Mais de 150 estudantes e recém-formados de universidades públicas e privadas relataram ao The New York Times experiências semelhantes. Muitos afirmaram ter enviado centenas —ou até milhares— de candidaturas a vagas em empresas, ONGs e órgãos governamentais, sem retorno.
O processo é exaustivo: provas de programação online, entrevistas ao vivo e longas etapas de seleção.
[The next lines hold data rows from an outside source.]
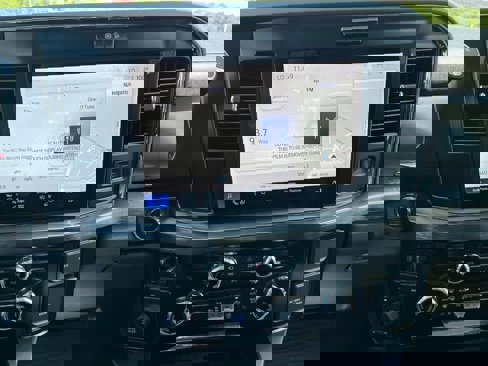 New 2025 Ford F350 Lariat w/ Chrome Package image 18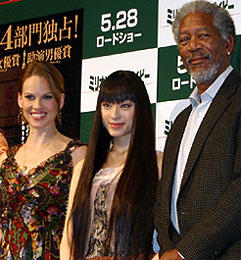 アカデミー賞コンビ、ヒラリー・スワンク＆モーガン・フリーマン来日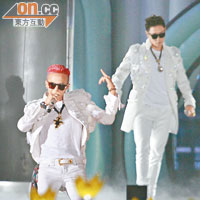 G-Dragon（左）大晒英文，帶起全場氣氛。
Mesmo assim, os relatos mais comuns foram de frustração, silêncio das empresas e descrições do processo como “desolador” ou “arrasador”.
Um dos casos é Zach Taylor, 25, que iniciou o curso na Universidade Estadual do Oregon em 2019, atraído pela ideia de trabalhar com videogames. Desde que se formou, em 2023, já enviou 5.762 candidaturas. Conseguiu apenas 13 entrevistas —e nenhuma proposta de emprego.
“É uma das experiências mais desmoralizantes da minha vida”, disse.
Especialistas apontam que recém-formados são os mais vulneráveis à automação, já que muitas das posições de entrada, antes destinadas a jovens profissionais, estão sendo eliminadas pelo uso de assistentes de programação com IA.
Outdoors em San Francisco anunciam ferramentas como CodeRabbit, que promete depurar código mais rápido e com mais eficiência que humanos.
Universidades, por sua vez, ainda engatinham na adaptação dos currículos para incluir IA, o que agrava a dificuldade. Alguns graduados relatam viver em um “loop de destruição” alimentado pela própria IA: usam ferramentas para enviar aplicações em massa, mas são filtrados por softwares automatizados que eliminam candidatos sem avaliação humana.
“É difícil se manter motivada quando você sente que um algoritmo decide se vai pagar as suas contas ou não”, disse Audrey Roller, 22, recém-formada em ciência de dados.
O setor público também deixou de ser alternativa segura, com cortes e congelamento de contratações.
Promotores da educação em computação agora estão migrando o discurso para a inteligência artificial. O presidente Donald Trump, que em 2017 direcionou verbas para ensino de programação, anunciou recentemente um plano nacional de IA para canalizar mais estudantes para empregos na área.
Já a Microsoft, uma das maiores patrocinadoras do ensino de computação, declarou que vai investir US$ 4 bilhões em treinamento em IA para estudantes e trabalhadores. No mês passado, Brad Smith disse que a empresa estuda como a IA está transformando o ensino de ciência da computação.